In 2016, researchers from the University of Oregon published a study in Psychological Inquiry about the “identity-value model” of self-regulation. The authors theorize that “behaviors that are connected to identity are more likely to be enacted because they hold greater subjective value.” They examined the dieter’s dilemma, investigating how people struggle with eating healthfully, and how self-control is about two opposing processes: impulsively eat the doughnut, for example, because it’s yummy, or strive to regulate that behavior and resist the treat in favor of vegetables?
When someone’s identity is one that places high value on healthy eating, there isn’t much struggle. It’s not a matter of exerting willpower; it’s acting in a way that is in direct relevance to who they are.
But much has made of the need for willpower. How it’s a limited resource that we must carefully parse out lest we run out by day’s end and dive face first into a box of Krispy Kremes. I speak of research into “ego depletion,” in which willpower is considered finite. Regular exertions of will to complete tasks or resist certain foods were thought to fatigue the mind; people run out of mental energy to adhere to their new lifestyle.
As an example, imagine a bowl of radishes sits in front of you. How hard is it to resist eating them? How much brainpower does it require to not indulge? Cue people saying, “But I love radishes!” Yeah, whatever. Not the point, because most people don’t love them.
Now imagine that same bowl filled with chocolate.
In 1998, a study of sixty-seven people was published in the Journal of Personality and Social Psychology describing an individual’s willpower as a “limited resource” that is drained throughout the day each time it is utilized. Researchers took hungry people and told them they were to participate in a study about taste preferences. Faced with two food choices, chocolate treats or radishes, one group was told they had to “resist” the radishes and could only consume the chocolate, whereas the other group had the much more challenging task of not eating the treats that were right before them in favor of the radishes. Afterward, study participants were asked to work on an unsolvable puzzle.
They should have titled the study “Sometimes Scientists Are Dicks.”
Those asked to abstain from chocolate gave up on the puzzle faster than those who ate chocolate but no radishes. Researchers concluded the stress of resisting chocolate drained the participants’ willpower, causing them to give up on the puzzle sooner. Like when you have a shit day at work and are more likely to hit the liquor store on the way home instead of the gym.
This willpower study received international attention and launched further research into ego depletion, leading scientists to recommend that people interested in behavior change not alter too many things at once or too drastically, else they risk depleting their willpower and sabotaging their efforts. Quitting smoking and drinking, switching to healthier eating, and adopting an exercise regimen all at once was a recipe for failure, whereas making small, incremental steps toward adopting new habits was encouraged.
But these recommendations, it turns out, were based on bad assumptions.
Researchers from Curtin University in Australia conducted a meta-analysis of two dozen studies of ego depletion involving over two thousand subjects.

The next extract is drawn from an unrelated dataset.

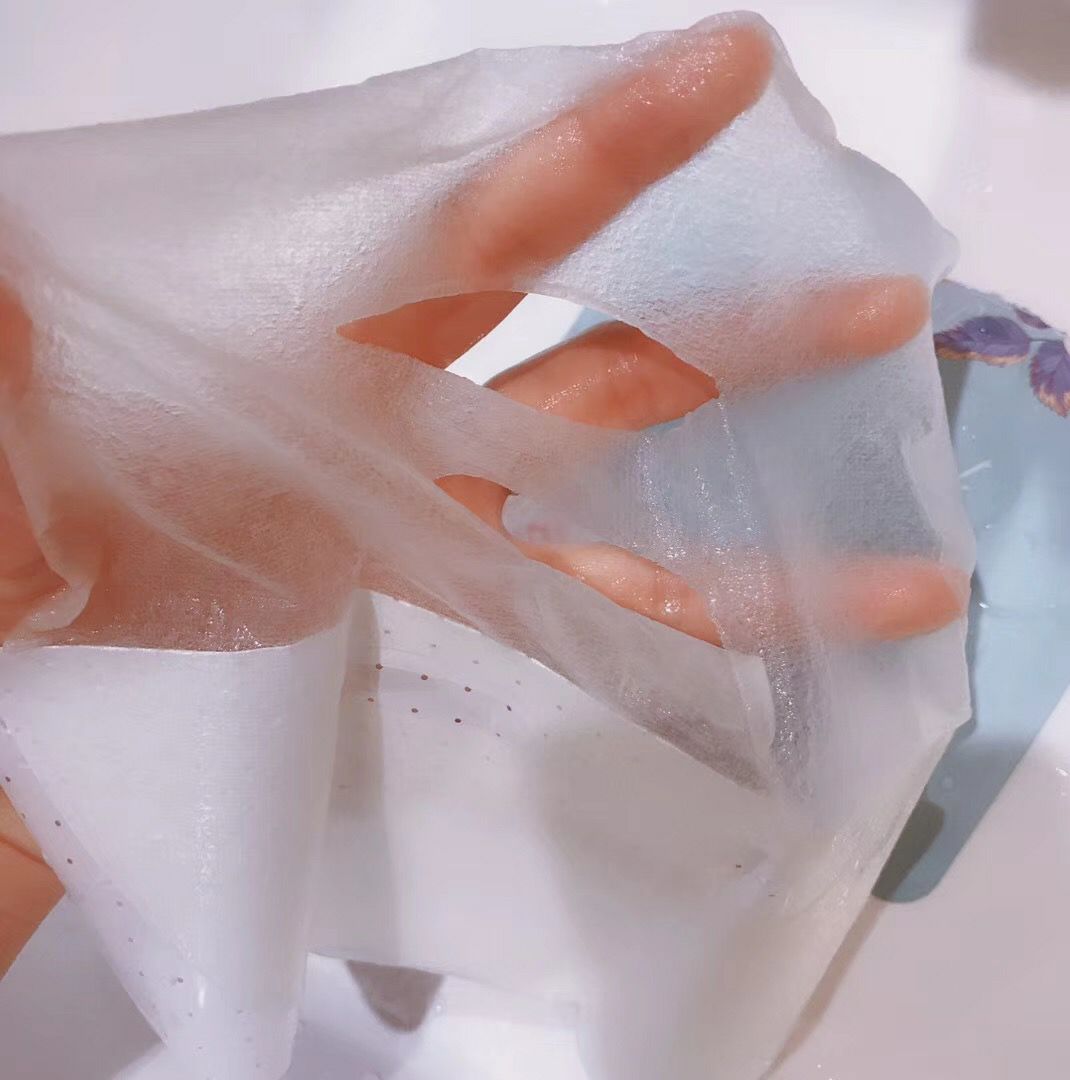 蚕丝补水面膜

Published in 2016 in Perspectives on Psychological Science, the study found no evidence of ego depletion; the entire concept was deemed faulty. I spoke with Professor Michael Inzlicht, a professor of psychology at the University of Toronto, who has long been a critic of the concept of ego depletion, to learn more about why we shouldn’t consider willpower as a tank that can be emptied.

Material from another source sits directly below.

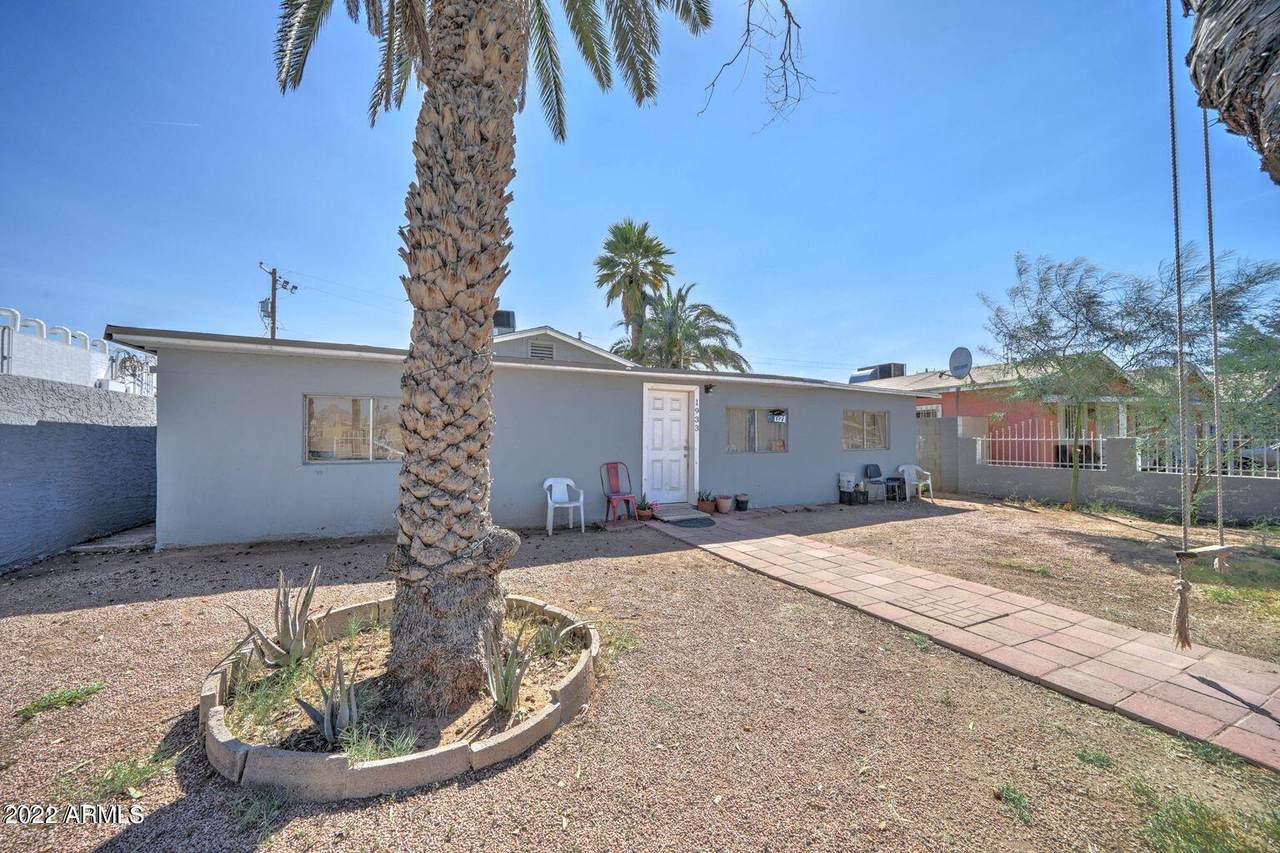 1933 Oak Street - Photo 1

“There are many potential reasons why self-control might wane over time,” Inzlicht said. He dismissed the idea of will as a resource, countering that people’s preferences change over time.
How did ego depletion gain such traction? It turns out that the problem lay with how studies prior to the twenty-first century were designed. When more modern statistical analysis is used, Inzlicht explained, the effect of ego depletion disappears. “At the very best, it’s a small effect.”

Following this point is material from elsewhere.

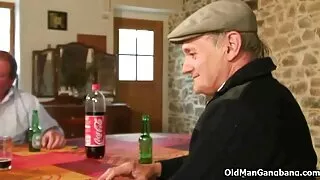 लजालु मान्छे बोसो महिला आए र लज्जित गडबड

There has been a revolution in how research is conducted, and psychology is in the middle of it. Numerous old findings are turning out to not be as robust as once thought. Professor Inzlicht explained it wasn’t specific to the radish-vs.-chocolate study, but to all studies of the era. “Everyone was doing it,” he said.
Doing what? Hunting for a significant effect via “P-hacking.” The “P” stands for “probability”; it involves dredging through the collected data to uncover a pattern that can be presented as statistically significant.
In 2017 there was feature published in The New York Times discussing this exact phenomenon in reference to Harvard social psychologist Amy Cuddy. She used the methods of the day to create an influential study on “power poses”—how certain standing and sitting positions influence people’s feeling of power. Publication launched her career to new heights, but her failure to replicate her findings using new methods of analysis brought out the critics. Fellow academics “savaged” her work and career. Power posing was referred to as “inconsequential” for helping people “do better in life.”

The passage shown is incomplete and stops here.